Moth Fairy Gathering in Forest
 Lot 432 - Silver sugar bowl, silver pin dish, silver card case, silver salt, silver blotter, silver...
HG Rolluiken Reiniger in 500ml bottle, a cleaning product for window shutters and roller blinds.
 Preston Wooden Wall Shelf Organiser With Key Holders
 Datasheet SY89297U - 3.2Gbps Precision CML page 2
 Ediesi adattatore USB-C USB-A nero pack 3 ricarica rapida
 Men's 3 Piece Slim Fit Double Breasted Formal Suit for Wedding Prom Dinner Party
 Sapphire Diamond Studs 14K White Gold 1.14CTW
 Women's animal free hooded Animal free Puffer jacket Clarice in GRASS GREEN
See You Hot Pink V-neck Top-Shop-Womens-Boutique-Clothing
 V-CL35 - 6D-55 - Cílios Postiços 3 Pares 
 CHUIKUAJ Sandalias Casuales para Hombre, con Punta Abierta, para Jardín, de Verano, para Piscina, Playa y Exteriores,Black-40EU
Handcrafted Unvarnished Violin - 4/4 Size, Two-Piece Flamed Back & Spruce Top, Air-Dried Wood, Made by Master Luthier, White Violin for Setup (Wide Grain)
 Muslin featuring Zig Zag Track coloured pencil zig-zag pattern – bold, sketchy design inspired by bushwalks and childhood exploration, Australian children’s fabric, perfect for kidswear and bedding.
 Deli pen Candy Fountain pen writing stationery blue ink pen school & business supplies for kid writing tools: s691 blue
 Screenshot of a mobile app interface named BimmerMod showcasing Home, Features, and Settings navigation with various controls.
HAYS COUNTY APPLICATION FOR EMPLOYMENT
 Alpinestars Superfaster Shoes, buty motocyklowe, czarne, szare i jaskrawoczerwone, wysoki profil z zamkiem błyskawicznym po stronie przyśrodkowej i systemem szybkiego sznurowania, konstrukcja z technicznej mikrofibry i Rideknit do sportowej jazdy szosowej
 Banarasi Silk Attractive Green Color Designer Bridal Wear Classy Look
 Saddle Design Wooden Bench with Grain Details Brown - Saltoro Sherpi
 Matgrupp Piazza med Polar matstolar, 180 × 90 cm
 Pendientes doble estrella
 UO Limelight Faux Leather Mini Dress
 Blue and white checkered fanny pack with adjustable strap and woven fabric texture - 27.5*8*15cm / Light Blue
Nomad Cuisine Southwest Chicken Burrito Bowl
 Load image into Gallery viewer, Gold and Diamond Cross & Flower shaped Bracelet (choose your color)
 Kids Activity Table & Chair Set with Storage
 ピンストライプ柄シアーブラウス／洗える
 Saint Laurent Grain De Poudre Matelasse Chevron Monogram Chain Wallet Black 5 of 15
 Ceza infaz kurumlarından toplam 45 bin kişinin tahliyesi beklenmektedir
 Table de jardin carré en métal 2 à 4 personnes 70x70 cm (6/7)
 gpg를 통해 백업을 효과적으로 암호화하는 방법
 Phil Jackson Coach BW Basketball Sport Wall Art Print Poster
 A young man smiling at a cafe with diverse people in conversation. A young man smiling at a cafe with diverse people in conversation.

========

### About this task
Starting at the line that has "Preston Wooden Wall" in the records above, restate word for word every line until the one that has "CHUIKUAJ Sandalias Casuales", and include that one as well.

### Solved problem
 Preston Wooden Wall Shelf Organiser With Key Holders
 Datasheet SY89297U - 3.2Gbps Precision CML page 2
 Ediesi adattatore USB-C USB-A nero pack 3 ricarica rapida
 Men's 3 Piece Slim Fit Double Breasted Formal Suit for Wedding Prom Dinner Party
 Sapphire Diamond Studs 14K White Gold 1.14CTW
 Women's animal free hooded Animal free Puffer jacket Clarice in GRASS GREEN
See You Hot Pink V-neck Top-Shop-Womens-Boutique-Clothing
 V-CL35 - 6D-55 - Cílios Postiços 3 Pares 
 CHUIKUAJ Sandalias Casuales para Hombre, con Punta Abierta, para Jardín, de Verano, para Piscina, Playa y Exteriores,Black-40EU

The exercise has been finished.